U.S. stocks declined in the third quarter as large-cap indexes experienced their first "correction," which is a drop of at least 10% from recent highs, in four years. A steep fall in Chinese stock prices stemming from the country's decelerating economy and uncertainty regarding its policy responses, including a small but unexpected currency devaluation in August, dragged global equity markets lower. Growth stocks held up better than value stocks among U.S. large-caps. Stocks in developed non-U.S. markets fared worse than large-cap U.S. shares, with large-cap equities underperforming small-caps and growth companies falling less than value shares. Emerging markets equities plunged, dropping more than 17%.
The Global Stock Fund returned −8.16% in the quarter compared with −9.34% for the MSCI All Country World Index and −9.29% for the Lipper Global Multi-Cap Growth Funds Average. For the 12 months ended September 30, 2015, the fund returned −0.62% versus −6.16% for the MSCI All Country World Index and −3.47% for the Lipper Global Multi-Cap Growth Funds Average. The fund's average annual total returns were −0.62%, 8.92%, and 5.48% for the 1-, 5-, and 10-year periods, respectively, as of September 30, 2015. The fund's expense ratio was 0.89% as of its fiscal year ended October 31, 2014.
For up-to-date standardized total returns, including the most recent month-end performance, please click on the Performance tab, above.
Current performance may be lower or higher than the quoted past performance, which cannot guarantee future results.
Share price, principal value, and return will vary and you may have a gain or loss when you sell your shares.

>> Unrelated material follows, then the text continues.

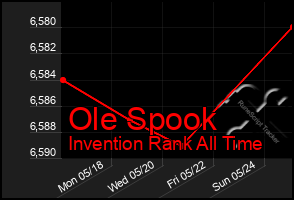 Total Graph of Ole Spook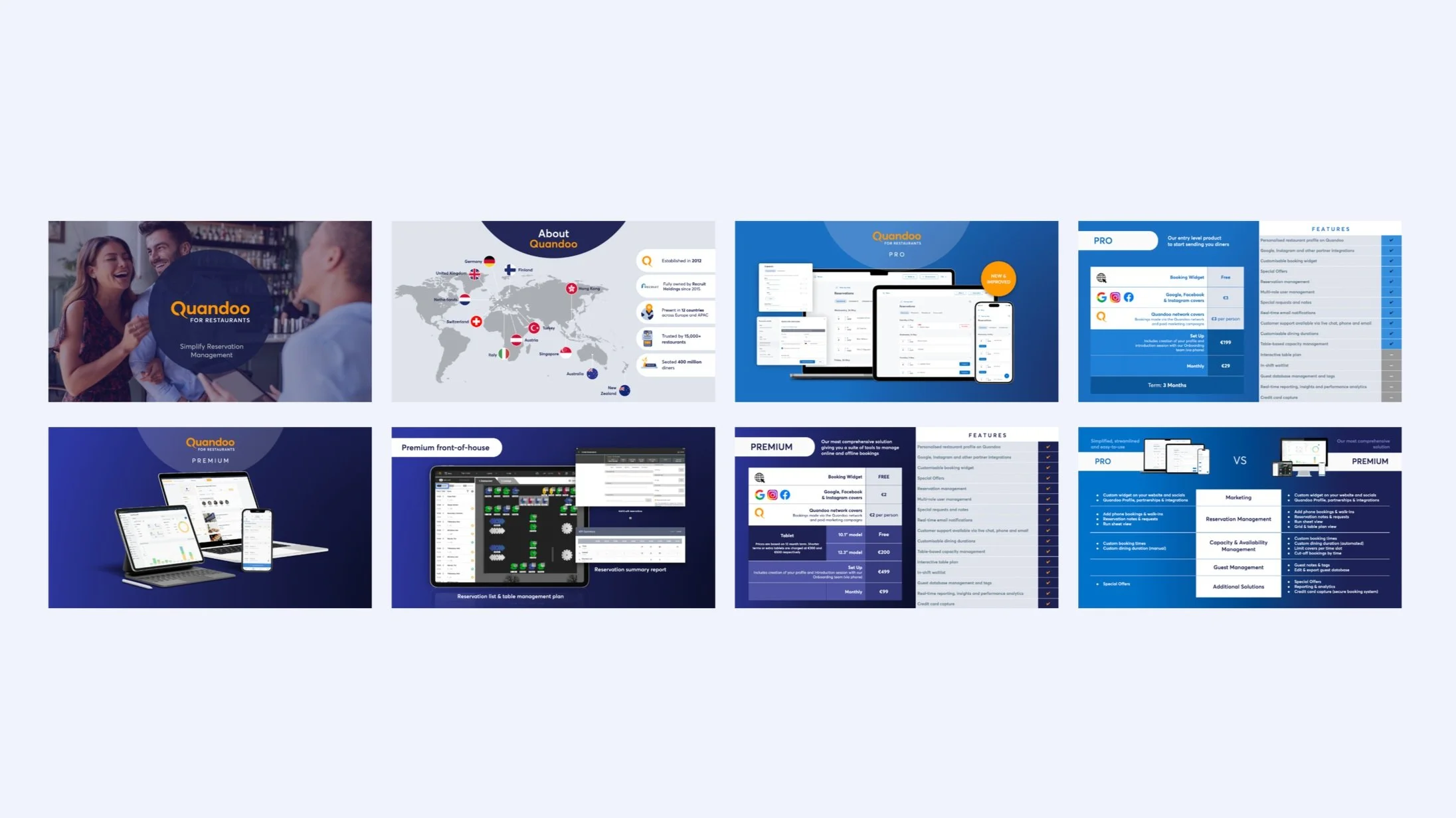  Sales Pitch Deck Design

The Global Stock Fund charges a 2%
redemption fee on shares held 90 days or less.
The performance information shown does not reflect the deduction of the redemption fee;
if it did, the performance would be lower.
Bottom-up stock selection drives all of our sector allocations. The fund is significantly overweight in the consumer discretionary and information technology sectors, which are the main segments with companies that are leading change and innovation. We are also overweight in the health care sector, but the fund's health care holdings tend to be stocks that are less widely held than some others in this popular sector. Although the market punished U.S. financial firms after the Federal Reserve did not raise rates at its September policy meeting, we still believe that they will ultimately benefit from higher interest rates and are well positioned for strong performance.
We expect the Fed to hike interest rates before the end of 2015, but we also think that market uncertainty and volatility will remain elevated well into the fourth quarter. We plan to take advantage of the volatility to upgrade the fund's holdings through buying mispriced stocks. Valuations of European companies are increasingly attractive and we think that European economies are becoming healthier, so we anticipate adding to our allocation to the region. Overall, we continue to build the portfolio from the bottom up, seeking stocks whose return on capital is poised to increase due to improving industry structure, secular demand growth, or company-specific drivers, while maintaining a disciplined view toward risk.